Responding to criticism

On the subject of backlash, Lamont Hill described how CNN fired him and some called for his job as a media and communications professor at Temple University in Philadelphia because of six words he used in a speech before the United Nations: calling for a free Palestine “from the river to the sea.”

Supporters of Israel, including the ADL, said those words were code for the destruction of Israel because they’ve been used by Hamas and other groups who have called for Israel’s destruction. Hill later apologized for his word choice in an essay in the Philadelphia Inquirer, saying that he takes seriously “the voices of so many Jewish brothers and sisters, who have interpreted my remarks as a call to or endorsement of violence ... Although this was the furthest thing from my intent, those particular words clearly caused confusion, anger, fear, and other forms of harm. For that, I am deeply sorry.”

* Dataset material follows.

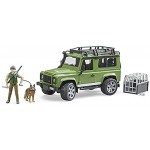Bruder 02587 Land Rover Defender Station Wagon mit Förster und Hund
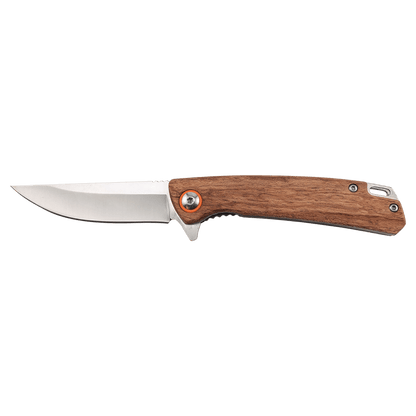 Bison River 4" Wood Everyday Carry Knife with Ball Bearing Open Mechanism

On Saturday, he said that “Palestinian freedom does not mean Jewish destruction, it does not mean Jewish marginalization.”

Waters was the final speaker, explaining briefly that his support of human rights is what led him to stop playing shows in Israel. He then read his poem “Is This the Life We Really Want?” which criticizes — at times satirically — everything from war to the ruling class.

Throughout the event, attendees applauded and chanted “Free Palestine.” Later in the evening, several audience members protested, with some briefly holding signs and shouting out their criticisms from the crowd.

In the final portion of the three-hour panel, the speakers answered questions from notecards passed up by the audience. Most of the questions came from critical audience members, like one who asked “What do you say about the rockets that are being fired into Israel?”

Lamont Hill said that it is important to have a conversation about the topic, adding that he himself is critical of Hamas. But he said that the discussion would be “dishonest” if it didn’t also focus on the violence of Israel’s blockade of Gaza, pointing to a United Nations report that said Gaza could be “uninhabitable” by 2020.

Toward the end of the event, the panelists addressed the criticism of those who said it was “one-sided,” with no supporters of Israel’s policies included among the speakers. Prashad suggested that “only certain panels are portrayed as one-sided.”

Sarsour said she takes issue with the notion that in order for her “truth to be whole ... it needs to be validated by my oppressor.”

“But it’s a new day and a new era,” she said, “and we will no longer be marginalized.”

The university’s Department of Communication and Department of Women, Gender, Sexuality Studies, as well as the Resistance Studies Initiative UMASS, originally cosponsored the event. Jhally said that after opposition to the event, five other departments signed on as cosponsors, including the anthropology, philosophy and sociology departments.